GA-LSTM and NSGA-III based collaborative optimization of ship energy efficiency for low-carbon shipping
Zhongwei Li, Kai Wang, Yu Hua, Xing Liu, Ranqi Ma, Zhuang Wang, Lianzhong Huang
Abstract
Improving ship energy efficiency has been a crucial part for energy preservation and emission control of the shipping industry . However, the current optimization technologies mainly concentrate on a single optimization of navigation speed, route and trim. There is still a shortage of an effective collaborative optimization method to enhance the ship energy efficiency . In this regard, it is necessary to carry out more efficient optimization approach to further enhance the ship fuel efficiency. Therefore, a new collaborative optimization approach for energy efficiency optimization considering the coupling effects of navigation route, speed, trim and various environmental variables is proposed in this study.
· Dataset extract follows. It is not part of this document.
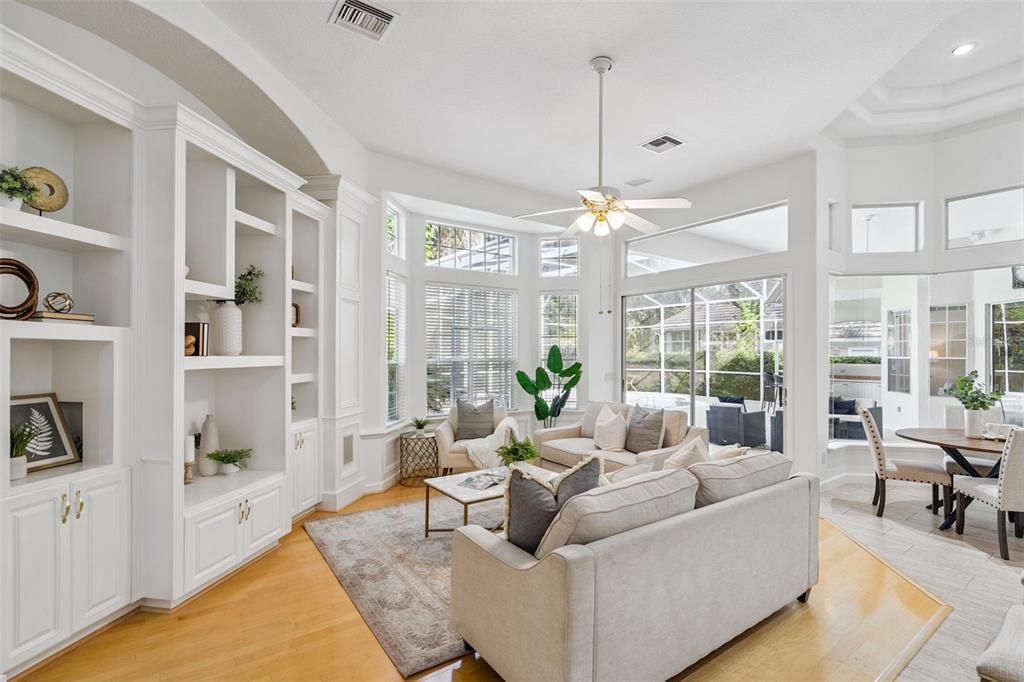 待售: $649,000 (4 贝兹, 3 浴室, 2886 平方英尺)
Firstly, a predictive model for ship energy consumption , which considers the sailing route, speed, trim and various environmental factors, is established by using Genetic Algorithm (GA) improved Long Short-Term Memory (LSTM) approach. On these bases, a collaborative optimization method based on the Non-dominated Sorting Genetic Algorithm III (NSGA-III) is proposed. The results of a case study show that the proposed collaborative optimization strategy can save fuel consumption by as much as 4.54%, compared with the original operational mode. Therefore, it holds significant importance for further enhancing ship fuel efficiency and promoting the advancement of low-carbon shipping.